▸ **Your instructions**:
An exact copy, beginning at the line containing "FORD EDGE 2012 - 2FMDK4JC6CBA78454" and ending at the final line of the records that follow, is the answer; it has no pictures and no other text.

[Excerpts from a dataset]

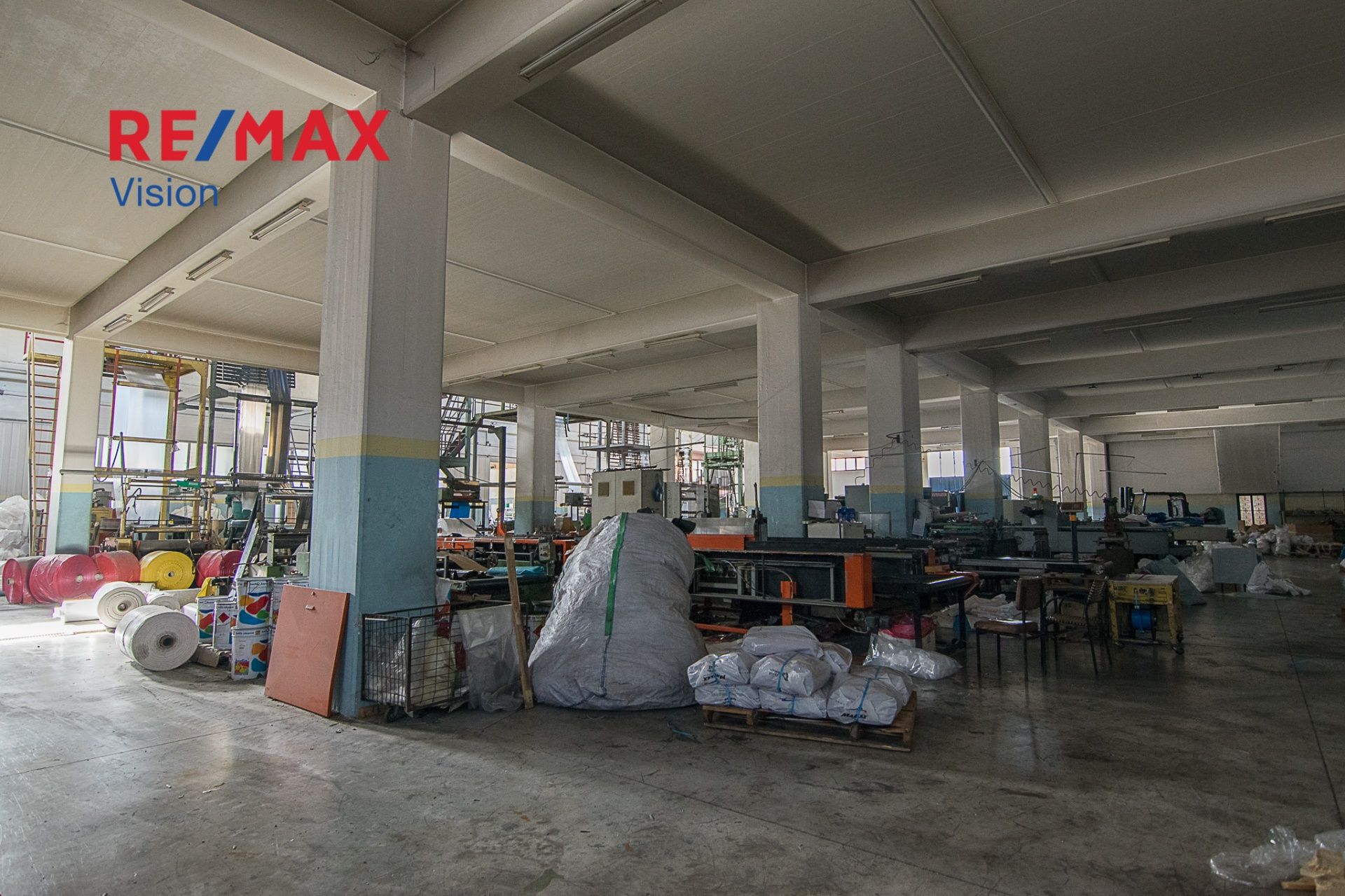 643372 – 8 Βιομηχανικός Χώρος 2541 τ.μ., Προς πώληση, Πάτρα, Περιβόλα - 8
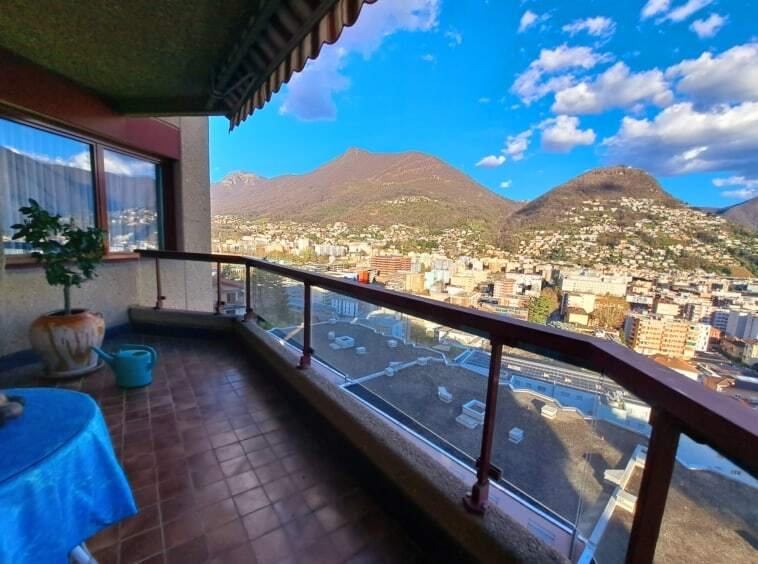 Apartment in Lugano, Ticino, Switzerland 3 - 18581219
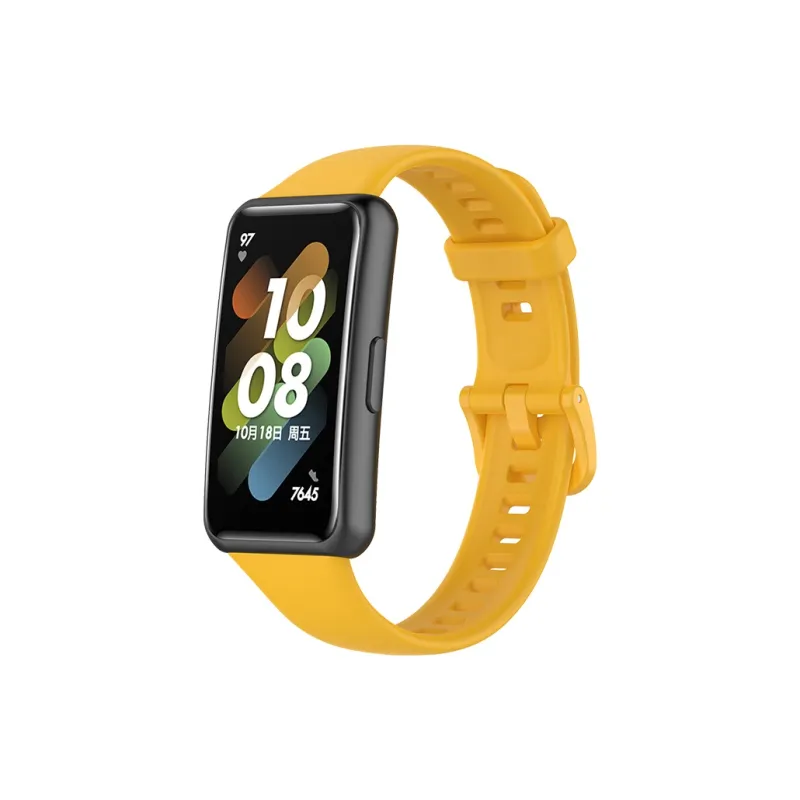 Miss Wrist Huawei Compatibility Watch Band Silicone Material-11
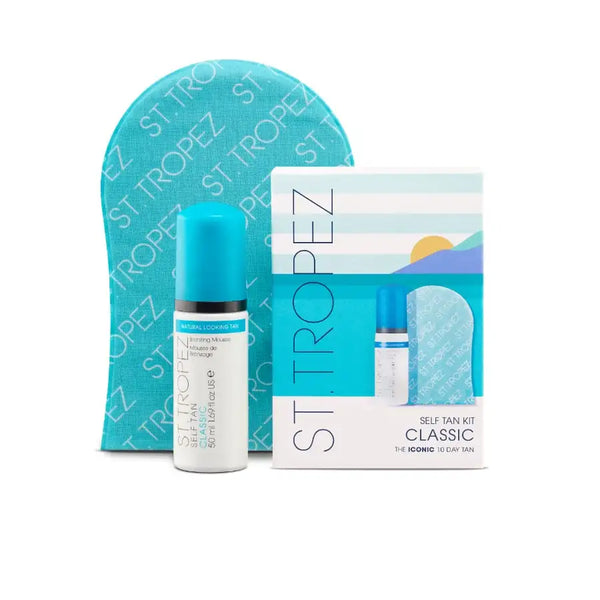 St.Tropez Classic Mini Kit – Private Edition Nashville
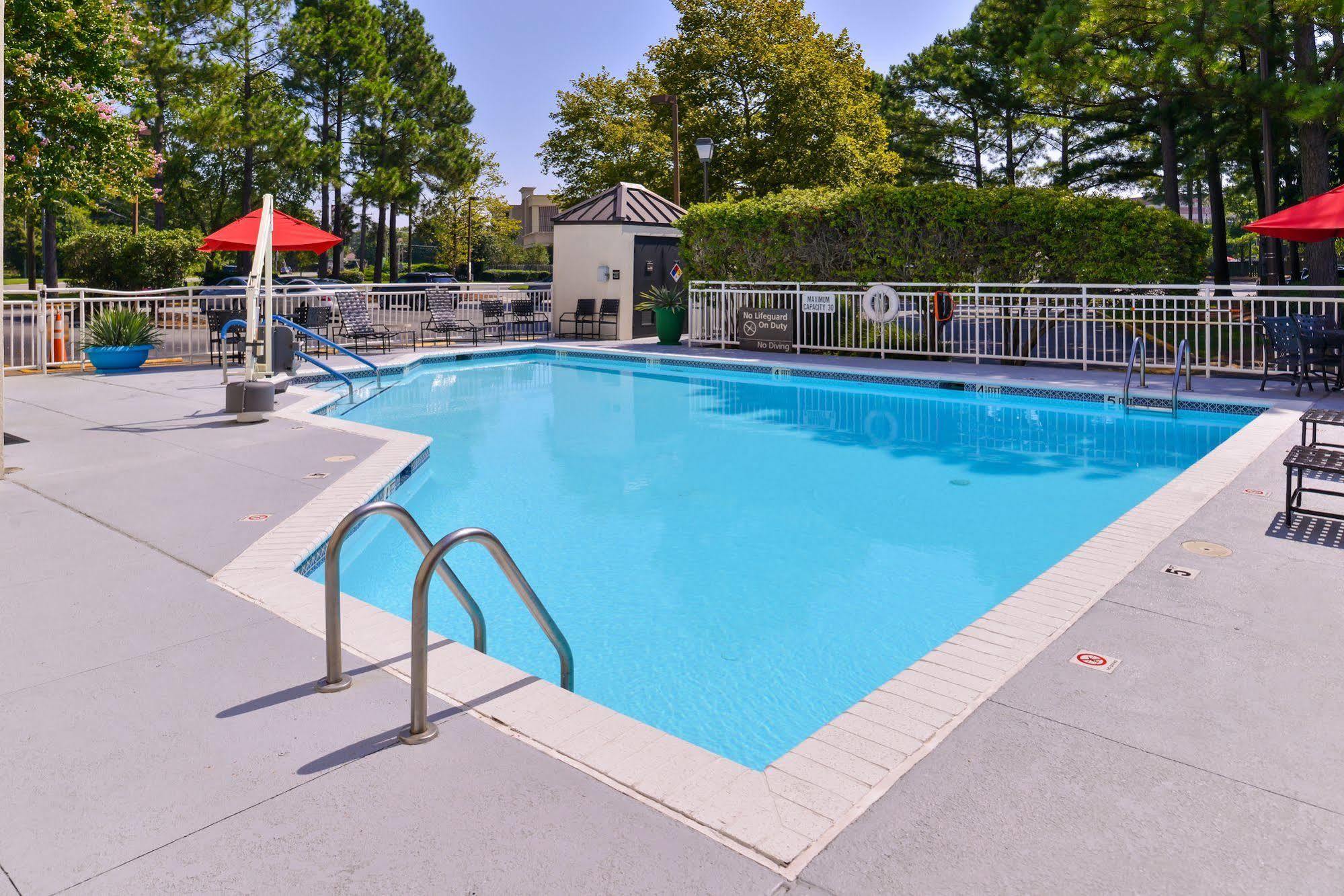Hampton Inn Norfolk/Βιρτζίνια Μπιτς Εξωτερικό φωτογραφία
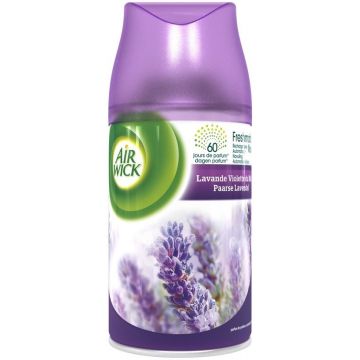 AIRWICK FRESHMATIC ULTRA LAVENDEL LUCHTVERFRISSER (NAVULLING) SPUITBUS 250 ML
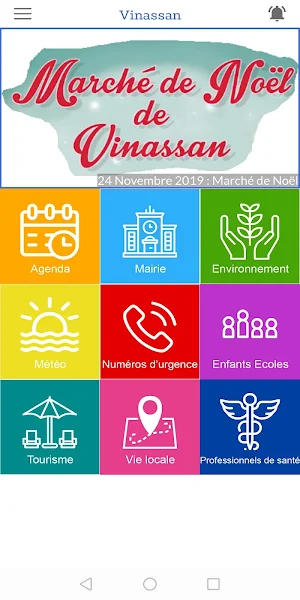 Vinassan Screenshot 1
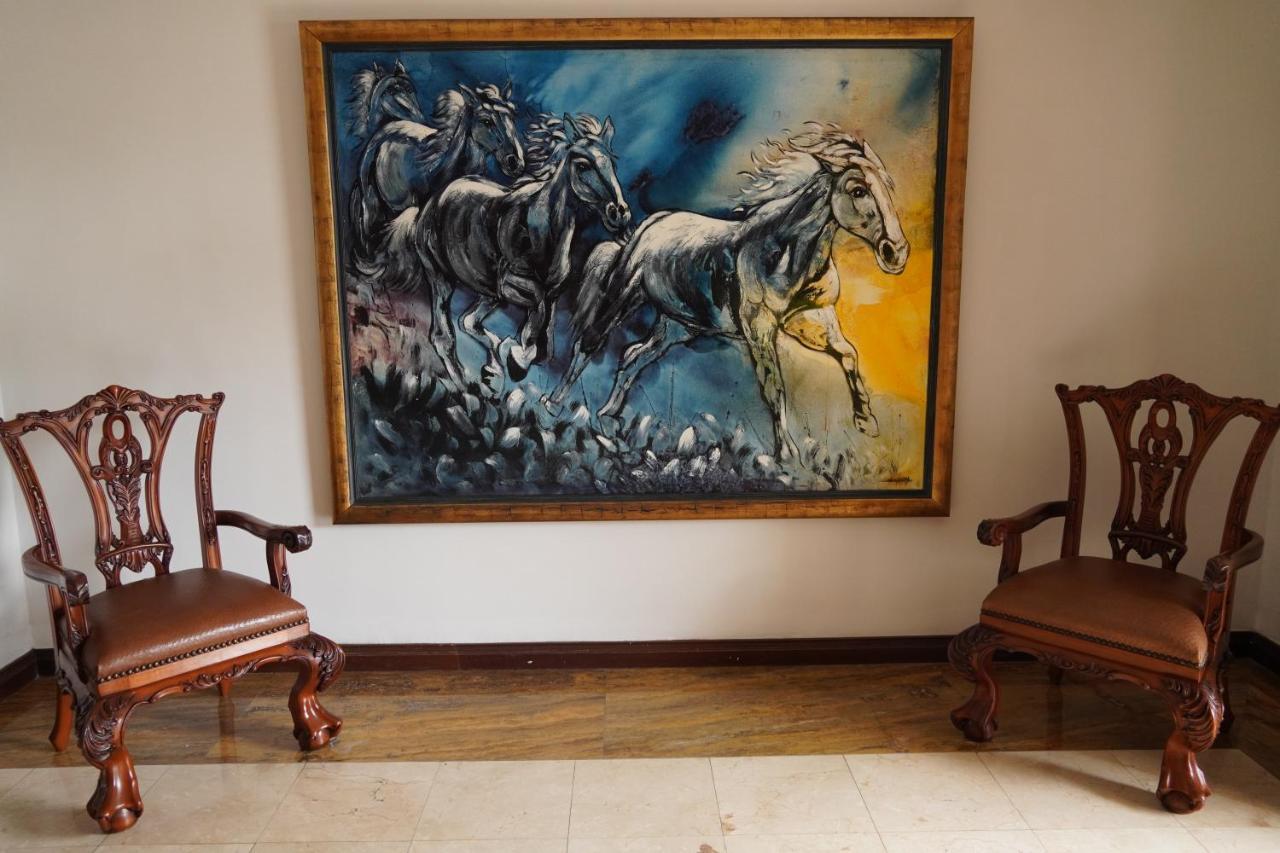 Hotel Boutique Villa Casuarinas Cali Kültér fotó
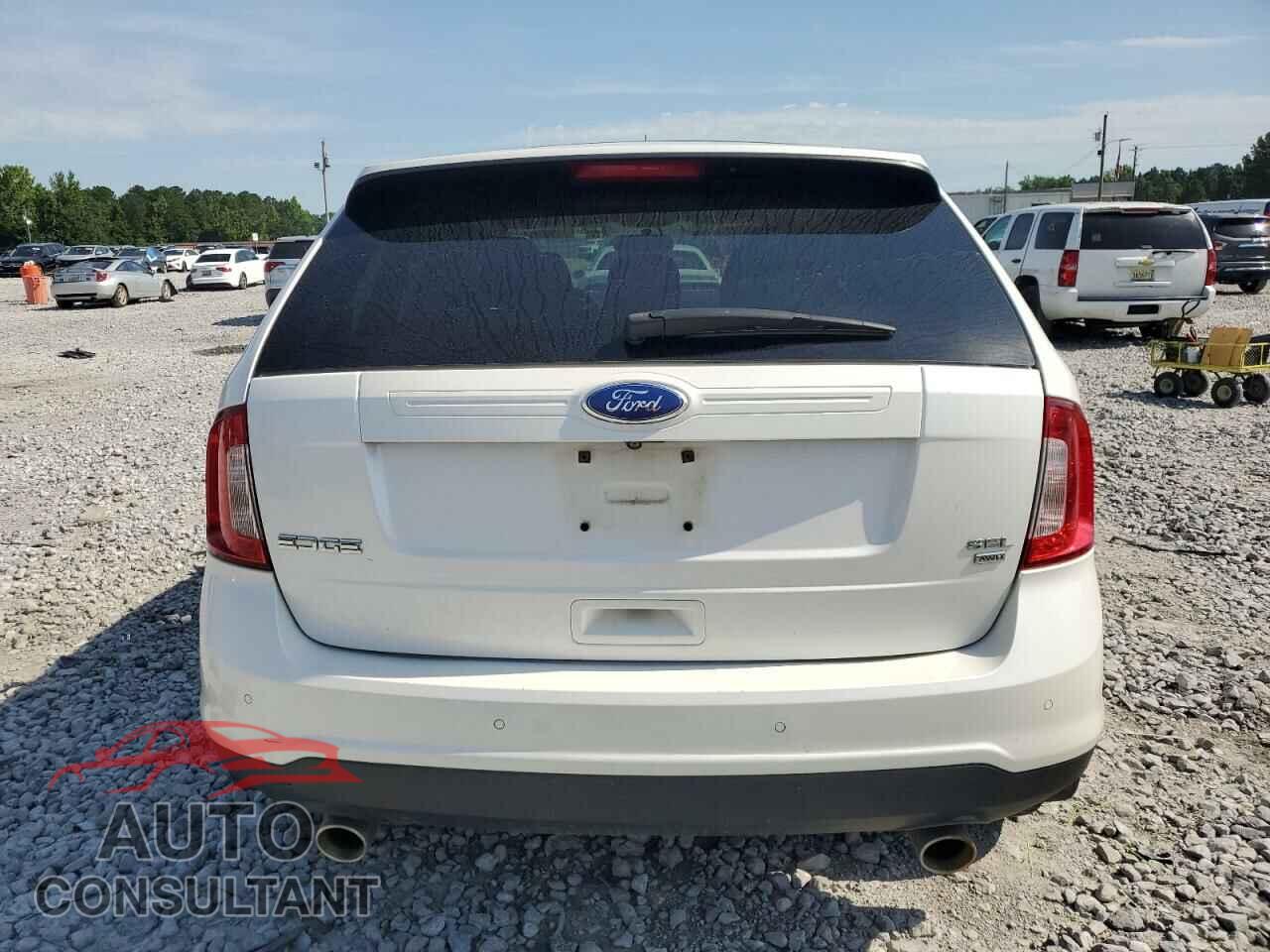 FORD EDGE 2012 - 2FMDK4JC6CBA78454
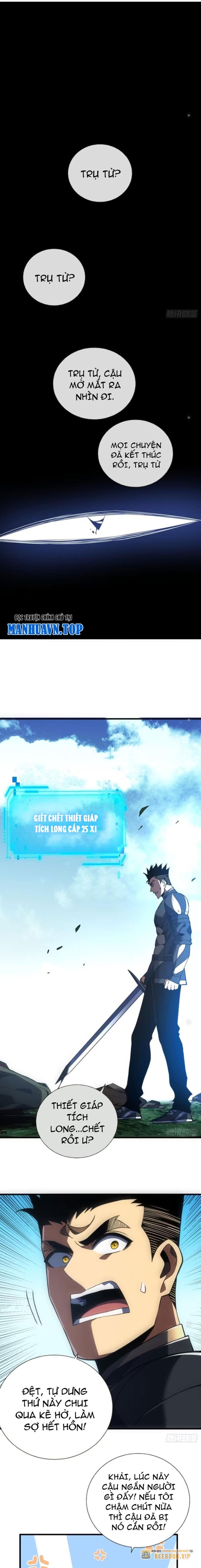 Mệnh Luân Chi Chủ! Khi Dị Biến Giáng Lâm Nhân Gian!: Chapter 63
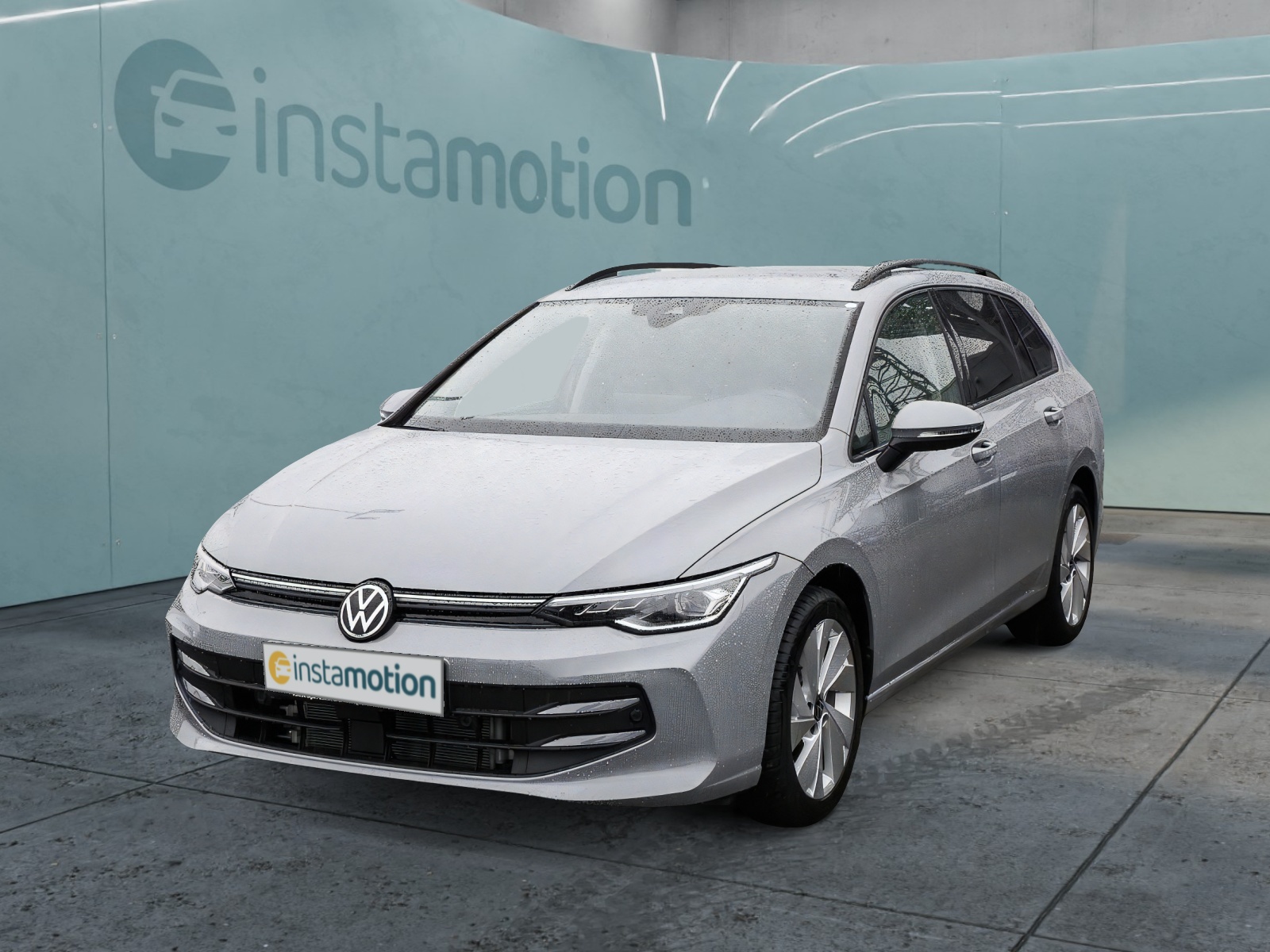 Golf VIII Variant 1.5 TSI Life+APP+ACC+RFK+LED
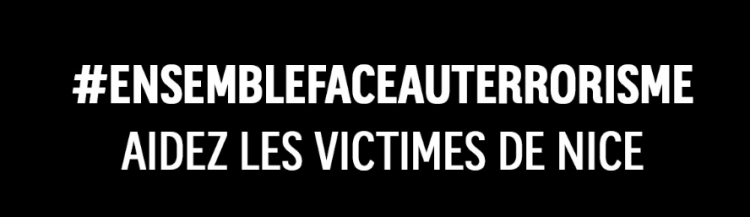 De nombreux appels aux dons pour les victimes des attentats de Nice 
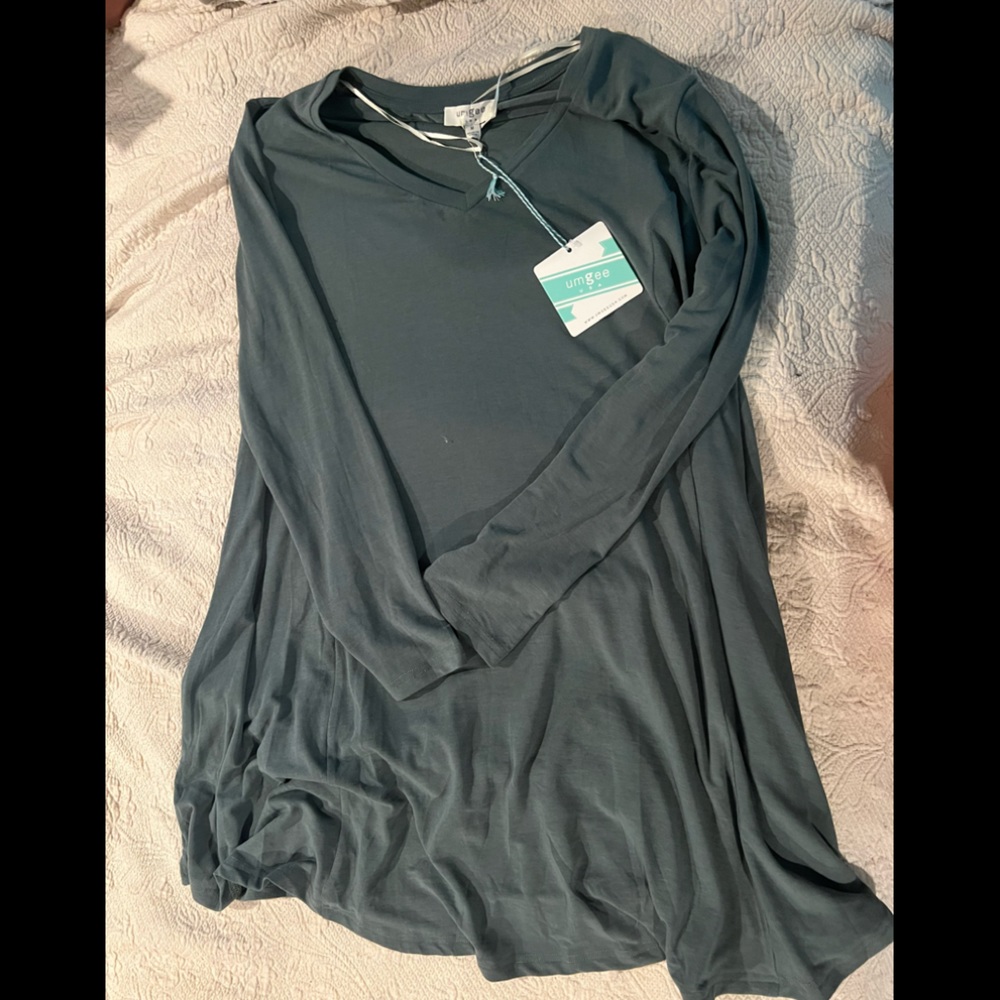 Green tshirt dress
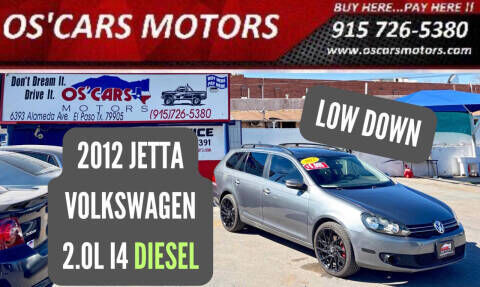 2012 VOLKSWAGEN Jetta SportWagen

▸ **Response below**:
 FORD EDGE 2012 - 2FMDK4JC6CBA78454
 Mệnh Luân Chi Chủ! Khi Dị Biến Giáng Lâm Nhân Gian!: Chapter 63
 Golf VIII Variant 1.5 TSI Life+APP+ACC+RFK+LED
 De nombreux appels aux dons pour les victimes des attentats de Nice 
 Green tshirt dress
 2012 VOLKSWAGEN Jetta SportWagen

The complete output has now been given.